Pushed up by soaring oil prices, America’s trade deficit surged to a record high in the summer, but analysts predicted a slowly improving imbalance in the months ahead.
The current account trade deficit increased 3.9 percent to an all-time high of $225.6 billion in the July-September quarter, the Commerce Department reported Monday.
That third-quarter deficit was equal to 6.8 percent of the total economy, up from 6.6 percent of gross domestic product in the second quarter.
The current account is the broadest measure of trade because it tracks not only the flow of goods and services across borders but also investment flows. It represents the amount of money that must be borrowed from foreigners to make up the difference between imports and exports.
At current levels, the United States is borrowing more than $2 billion a day from foreigners to finance the trade deficit.
While foreigners have been happy to sell their cars, clothing and computers to Americans and hold dollars in return, the worry is that at some point the desire for dollar-denominated assets could weaken, triggering sharp declines in the value of the dollar and pushing interest rates higher.
Analysts noted that for the third straight quarter, foreigners earned more on their U.S. investments than Americans did on their foreign holdings, sending the deficit in investment flows to a record of $3.8 billion.
The current account deficit is expected to hit a new record for the full year, far surpassing last year’s record of $791.5 billion although some analysts said they believed the third-quarter figure would represent the worst of the deficit numbers.
“Lower oil prices, robust export growth and some cooling in import growth should bring the deficit down, beginning in the fourth quarter,” said Nigel Gault, an economist with Global Insight, a private forecasting firm.
He predicted the deficit would average around $866 billion this year but shrink moderately to $816 billion next year.
But imbalances at this level will still leave U.S. financial markets vulnerable to foreign investment patterns, economists said.
“The expected modest improvement in the current account deficit is not that encouraging since the overall shortfall will remain very large, keeping external financing risks elevated,” said Michael Gregory, an economist at BMO Capital Markets Economics.
Democrats, who took over control of the House and Senate in the November elections, attacked President Bush’s trade policies, charging that the administration has failed to protect U.S. workers from unfair competition from China and other countries.

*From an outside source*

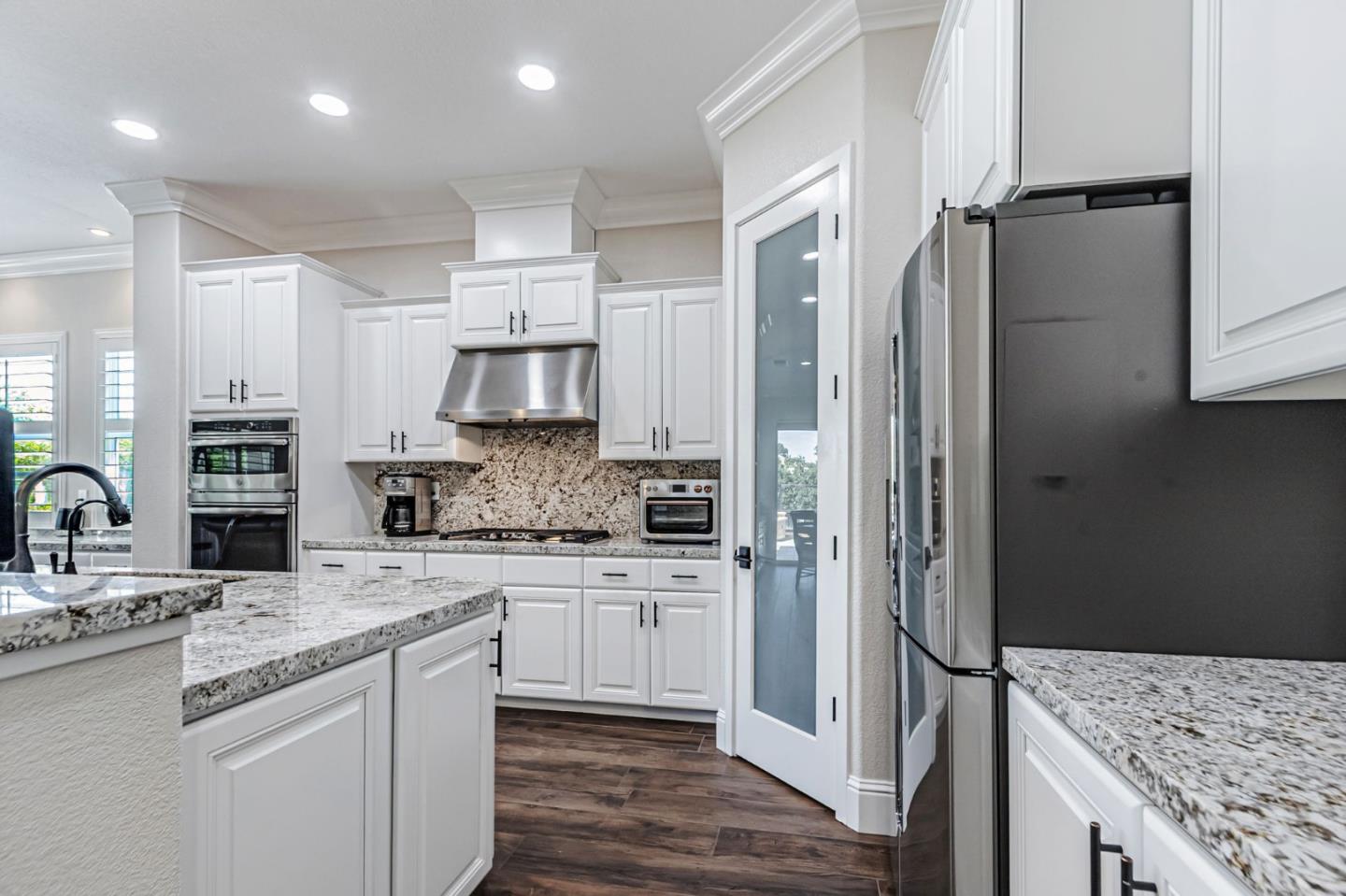 Detail Gallery Image 21 of 171 For 1861 Carob Ct, Gilroy,  CA 95020 - 4 Beds | 3 Baths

Treasury Secretary Henry Paulson led a high-level delegation that included seven members of Bush’s Cabinet and Federal Reserve Chairman Ben Bernanke to Beijing last week for two days of talks aimed at resolving long-standing trade problems.
However, the two sides reported no breakthroughs on the biggest issues such as American manufacturers’ complaints that China is manipulating the value of its currency to gain trade advantages.

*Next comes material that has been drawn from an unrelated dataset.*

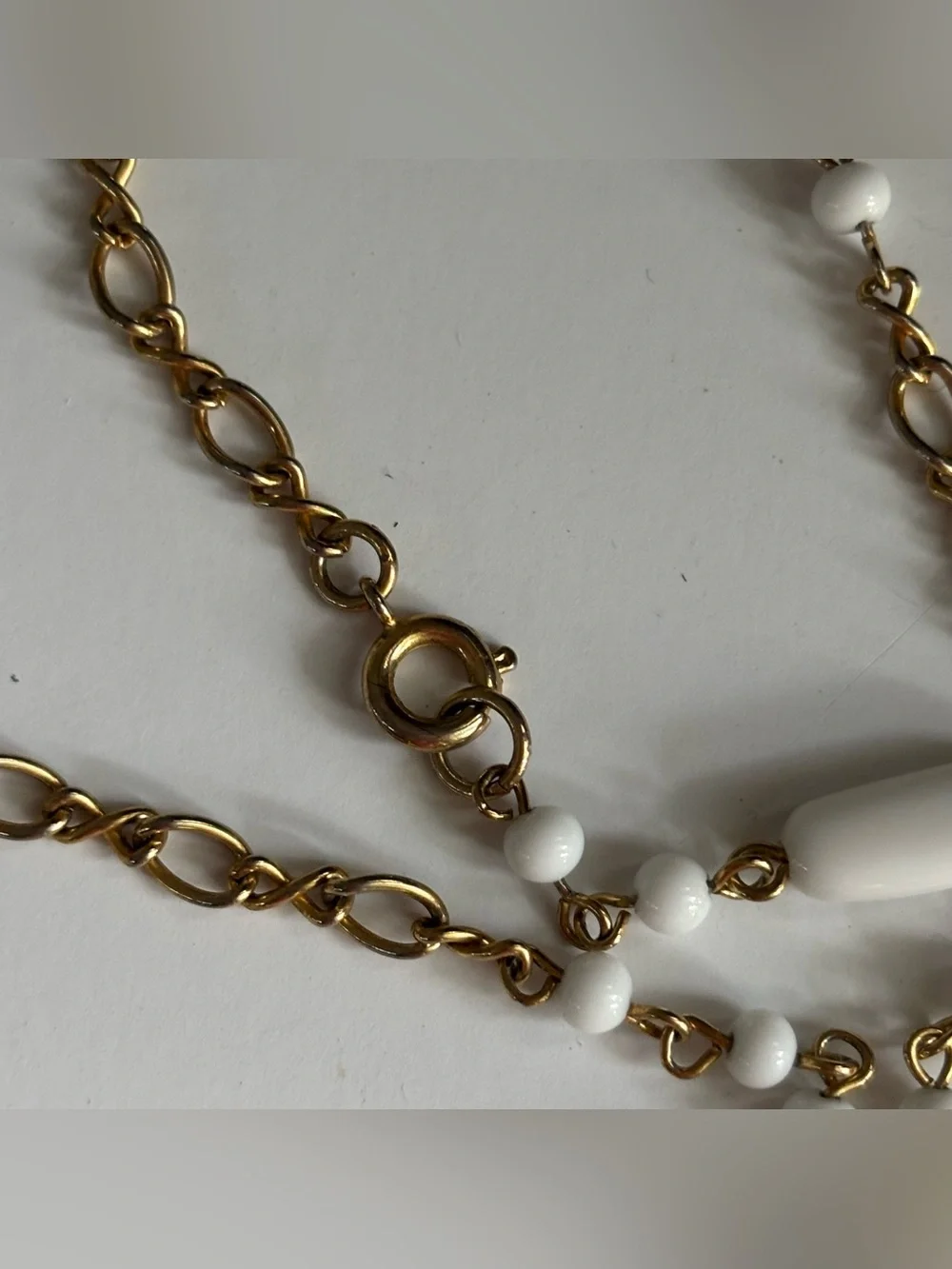 Gold Tone Glass Beaded Necklace type extra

The $225.6 billion deficit for the third quarter was in line with economists’ expectations. It followed a $217.1 billion shortfall in the April-June quarter and topped the previous record of $223.1 billion in the final three months of last year.
The increase in the shortfall last quarter was led by an $8.1 billion rise in the deficit in goods. More than half the increase reflected a bigger foreign oil bill.
America’s surplus in services, which includes such things as airline tickets, banking services and consultants’ fees, rose by $810 million to $18.3 billion.
The category of unilateral transfers, which includes payments to foreign governments and individuals, rose by $406 million to $21.5 billion in the third quarter.